BAC’s 50% dividend hike
Bank of America (BAC) boosted its dividend by 50% to $0.08 after it cleared the Federal Reserve’s 2016 stress tests in June 2016. It will also buy back stock worth $5 billion over the next 12 months.
Bank of America failed three out of five earlier stress tests, performing the worst among the major US banks (XLF). Its dividend will be effective from 3Q16 onward. Unlike many of its peers (WFC) who have raised their dividends annually since 2011, Bank of America has boosted its quarterly payout only once, in 2014.
The Fed’s approval is important for investors who have been disappointed with the bank’s low payout ratio. Bank of America has been under pressure to increase its dividend payout for some time now. Its banking peers have already restored their dividends to pre-recession levels, but it still has a long way to go.

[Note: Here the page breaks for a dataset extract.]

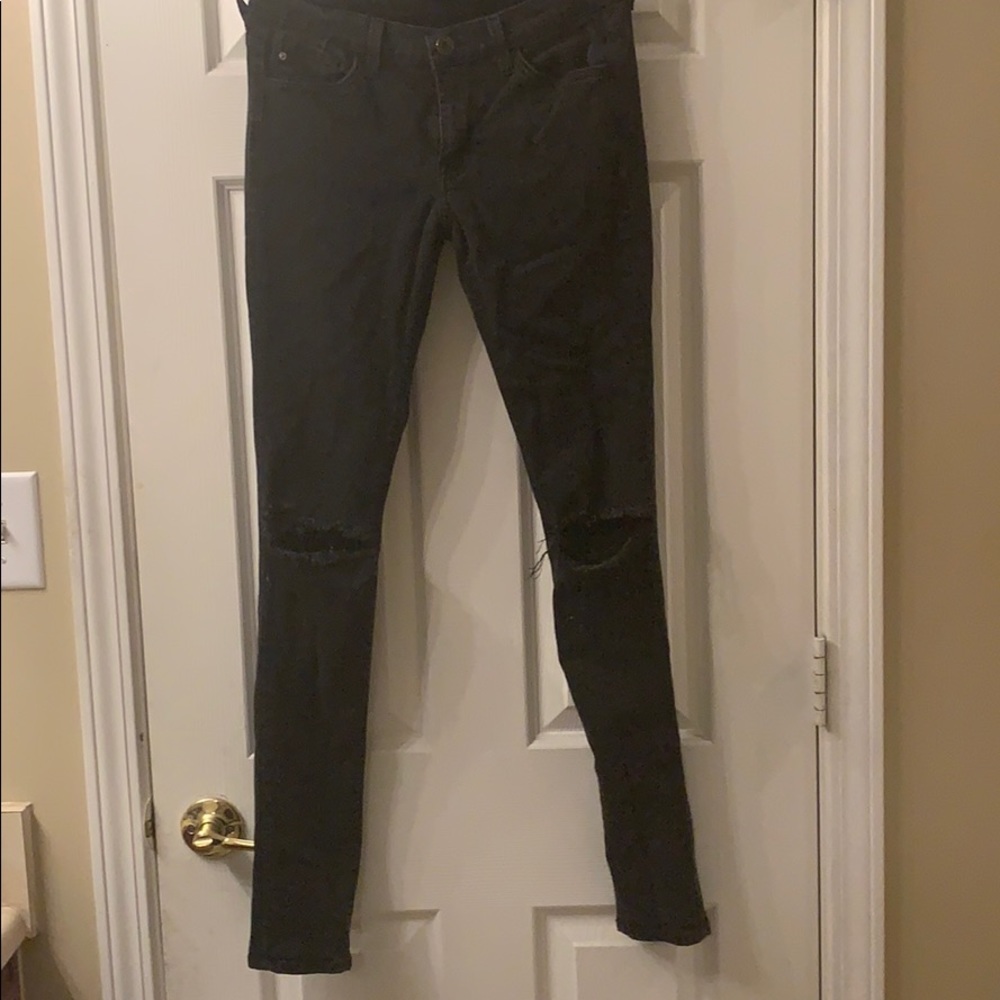Black jeans with knee holes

Bank of America’s current dividend of $0.08 is much lower than its dividend of $0.64 before the crisis. Its payout ratio is expected to rise to 49% from 36%.
Over the next 12 months, Bank of America will return $8 billion in capital to its shareholders, including $3 billion in dividends. Such a large-scale share repurchase plan reflects the company’s confidence in its current valuations as well as its long-term prospects. While the magnitude of Bank of America’s capital plan is at par with peers Citigroup (C) and JPMorgan Chase (JPM), its dividend yields remain significantly lower.
In 2Q16, BAC announced a dividend of $0.05 per share, flat on a quarterly basis as well as year-over-year. During the quarter, the company repurchased $1.4 billion worth of its common stock and paid $0.5 billion worth of dividends to its shareholders.